### [WORK REQUEST]
After locating the line with "Stylish 1 Bedroom Flat in St George Wharf", repeat it and every following line to the end of the listing, exactly. Omit the pictures.

### [SOURCE MATERIAL]
+-------+

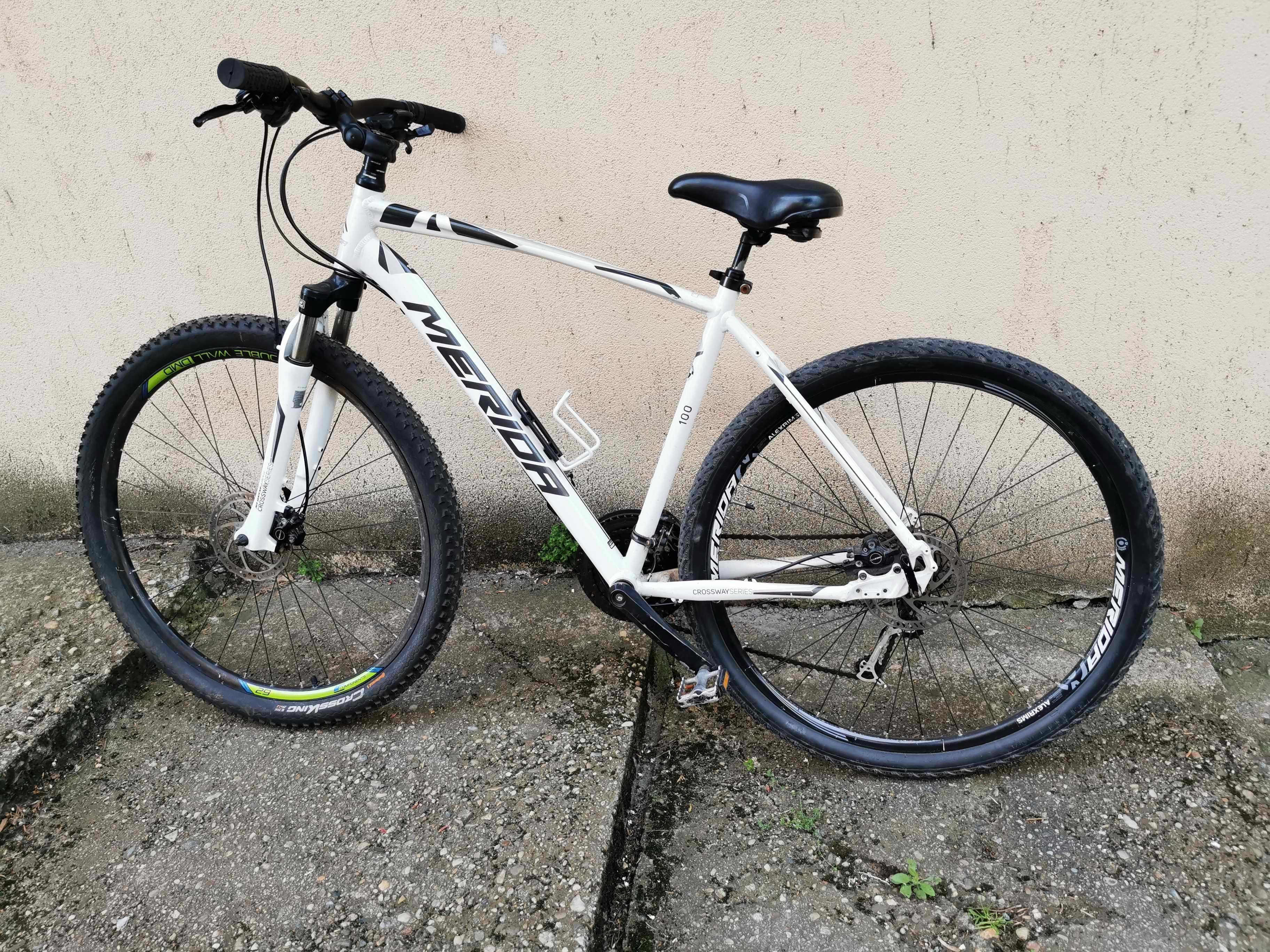 OCAZIE bicicleta mtb Merida Crossway roti 29" frâne hidraulice disc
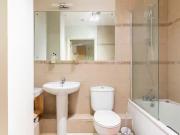 Stylish 1 Bedroom Flat in St George Wharf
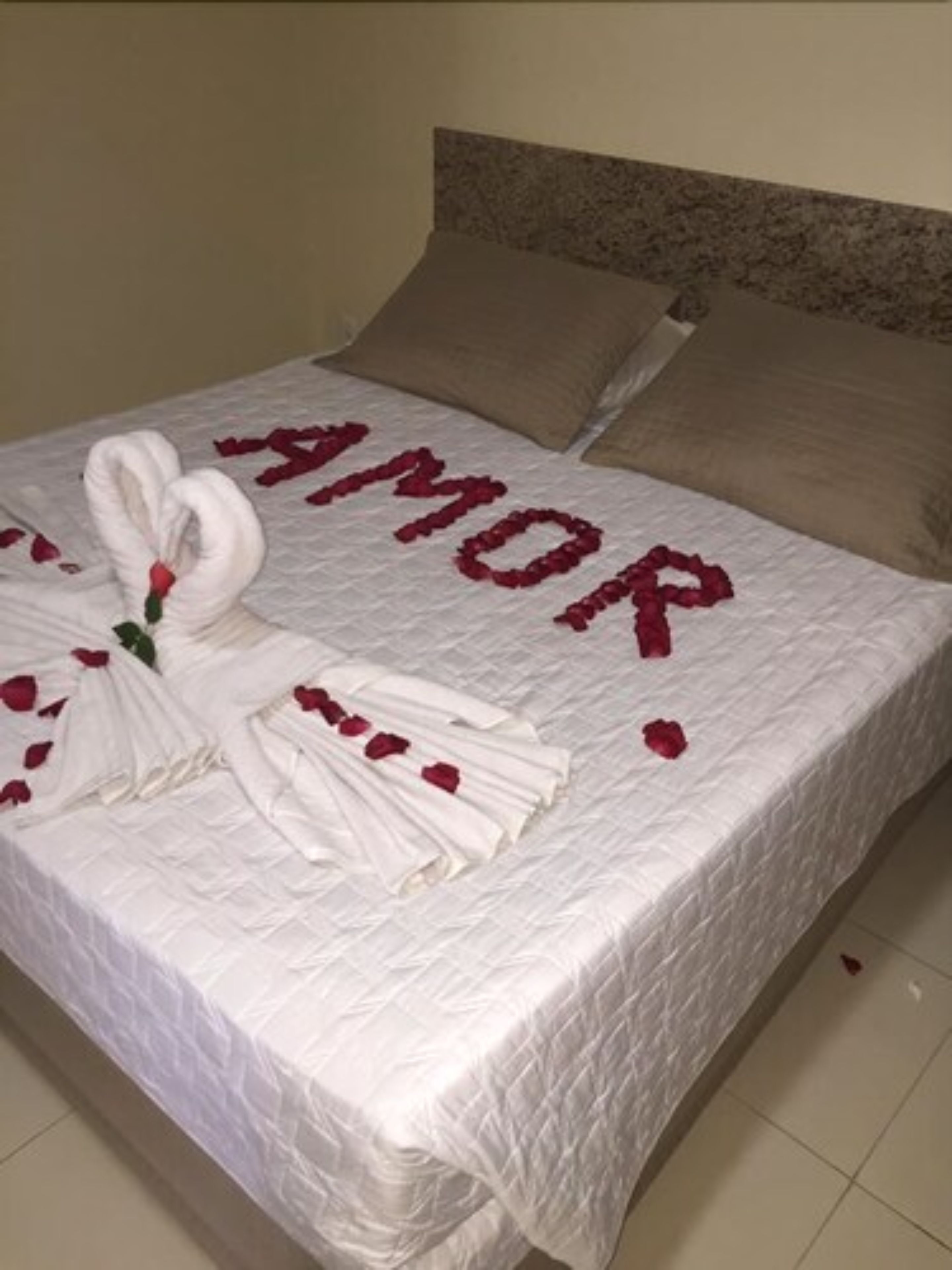 standard room | minibar, bed sheets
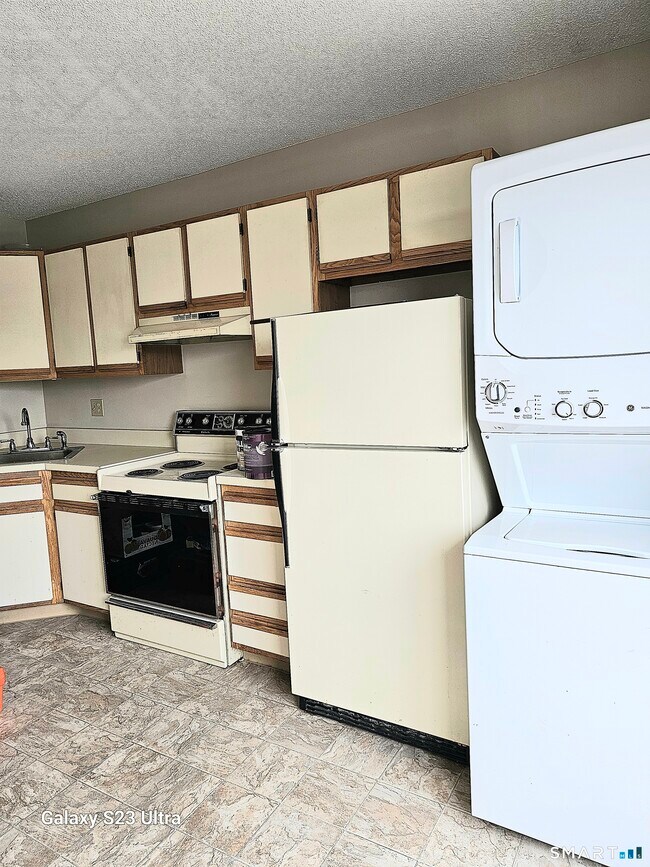 Building Photo - 81 Chipman St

+-------+

### [SOLUTION FOR THIS TASK]
 Stylish 1 Bedroom Flat in St George Wharf
 standard room | minibar, bed sheets
 Building Photo - 81 Chipman St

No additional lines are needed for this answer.